Comparison experiment results on MTACCR and MACR

To evaluate the performance of the proposed HUNet model, we conducted comprehensive comparison experiments with state-of-the-art efficient CNN and ViT models on multiple test sets of the MTACCR dataset and the MACR test set. The experimental results, summarized in Tables 2, 3, demonstrate that HUNet achieves an optimal balance between accuracy and inference speed across various evaluation settings.

Table 2 Performance comparison of HUNet with other efficient CNNs and ViTs on the MTACCR Test_1 set
Table 3 Performance comparison of HUNet with other Efficient CNNs and ViTs on all MTACCR test sets and the MACR test set

The HUNet architecture incorporates two core modules: the FasterNet Block and the Shift Block, derived from FasterNet21 and ShiftViT23, respectively. Compared to FasterNet_32 and ShiftViT_32, HUNet_32 achieves a 6.73% and 1.92% improvement in Top-1 accuracy on the MTACCR Test_1 set, while maintaining comparable parameter counts and throughput. Furthermore, under identical parameter scales and testing conditions, the HUNet series demonstrates a consistent performance advantage over other evaluated efficient CNN and ViT models while maintaining computational efficiency. Specifically, HUNet achieves superior Top-1 accuracy compared to models with comparable parameter counts. Among them, HUNet_24/32/36 exhibits GPU throughput performance second only to two benchmark models (ShiftViT_32 and FasterNet_32). Notably, high GPU throughput typically correlates with reduced training duration and accelerated iteration speed, particularly when handling large-scale training datasets. Multi_HUNet is a model that adds the ResLT Block24 optimization module after the HUNet backbone network, further improving its recognition performance compared to the original model.

Among the compared models, MobileNet_V3_small28 exhibits superior CPU and ONNX model inference speed for models using the same input resolution. Notably, the integration of the Coordinate Attention (CA) module29 into MobileNet_V2_1.0x_CA improves Top-1 accuracy by 3.98% with only a marginal increase in parameters. Similarly, FasterNet_24_CA achieves a 3.41% improvement in Top-1 accuracy over FasterNet_32, despite having fewer parameters. The CA module enhances feature extraction by performing attention operations along both channel and spatial dimensions. However, this improvement comes at the cost of reduced inference speed and potential compatibility issues during ONNX model conversion.

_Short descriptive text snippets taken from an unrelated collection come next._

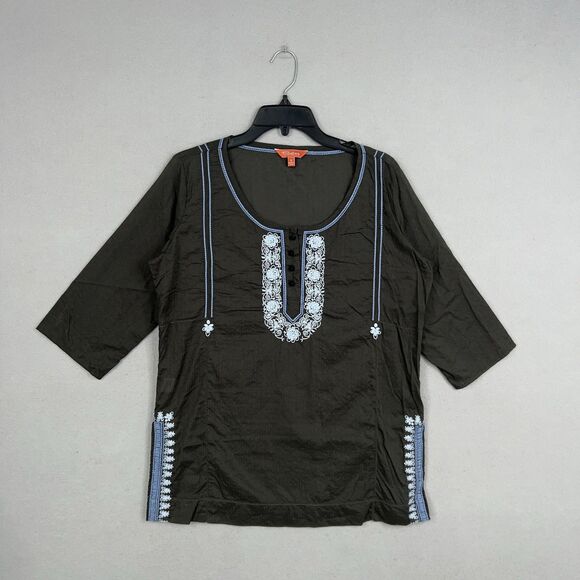 Tommy Bahama Shirt Womens 6 Grey Blue Embroidered Linen Boho Tunic Top Relax - Picture 1 of 16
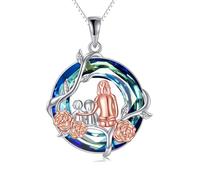 TOUPOP Regalo per mamma in argento Sterling 925 e madre da 1 a 5 figlie/figli, collana con fiore di girasole, collana di cristallo, gioielli di Natale, regalo di compleanno per donne, mamma e nonna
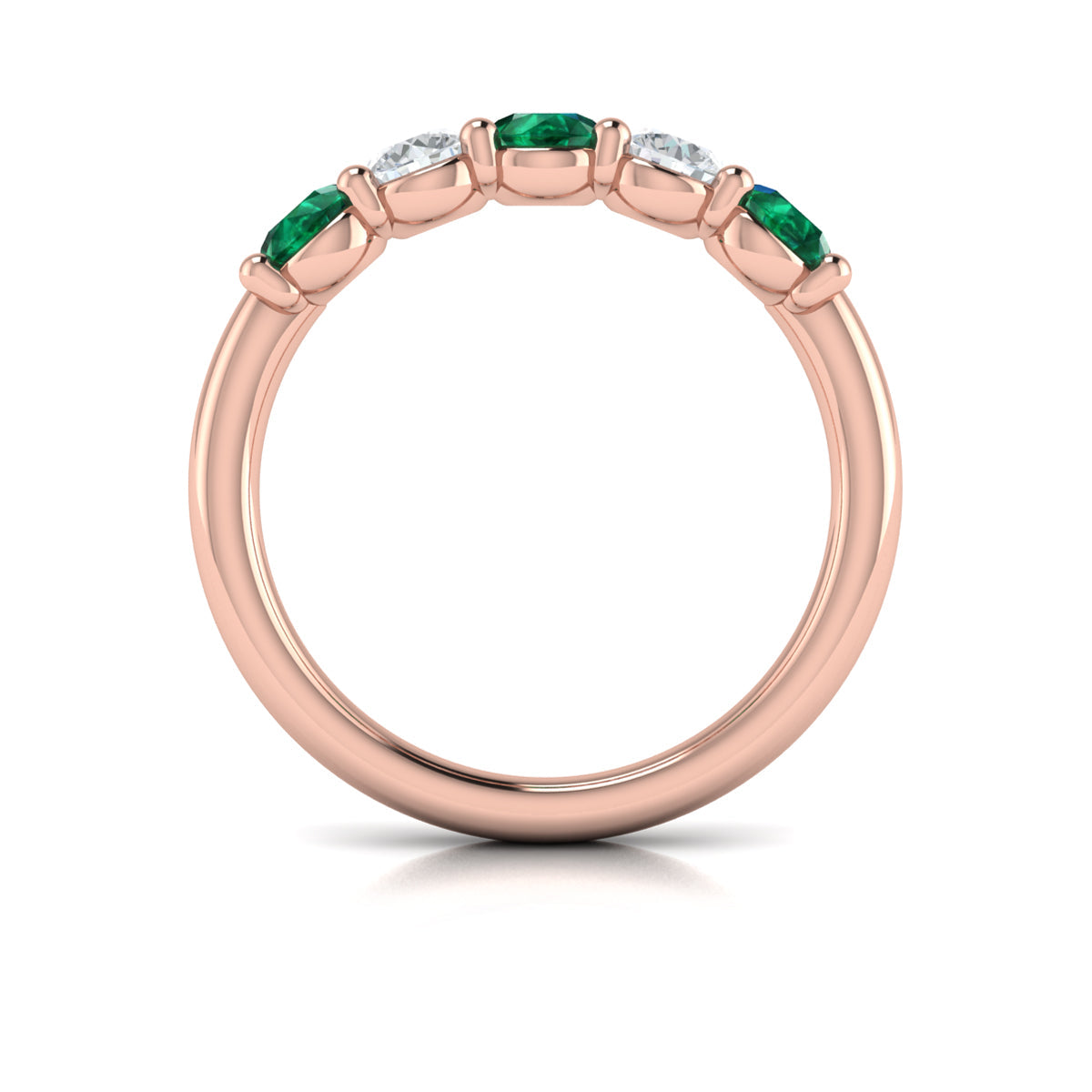 14kt Rose Gold Emerald Cut Womens Wedding Band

To further assess the generalization capability of HUNet, we evaluated its performance on MTACCR Test_2 to Test_5 and the MACR test set. As shown in Table 3, HUNet consistently maintains excellent performance across all test sets, demonstrating superior generalization and scalability compared to other efficient models. For instance, HUNet’s Top-1 accuracy remains stable across the five MTACCR test sets, and increasing the model’s width progressively enhances its recognition performance. Meanwhile, MobileNet_V2_1.0x equipped with the CA module demonstrates competitive advantages across five test sets and diverse Chinese character recognition tasks, indicating that this module effectively enhances the model’s feature extraction capability.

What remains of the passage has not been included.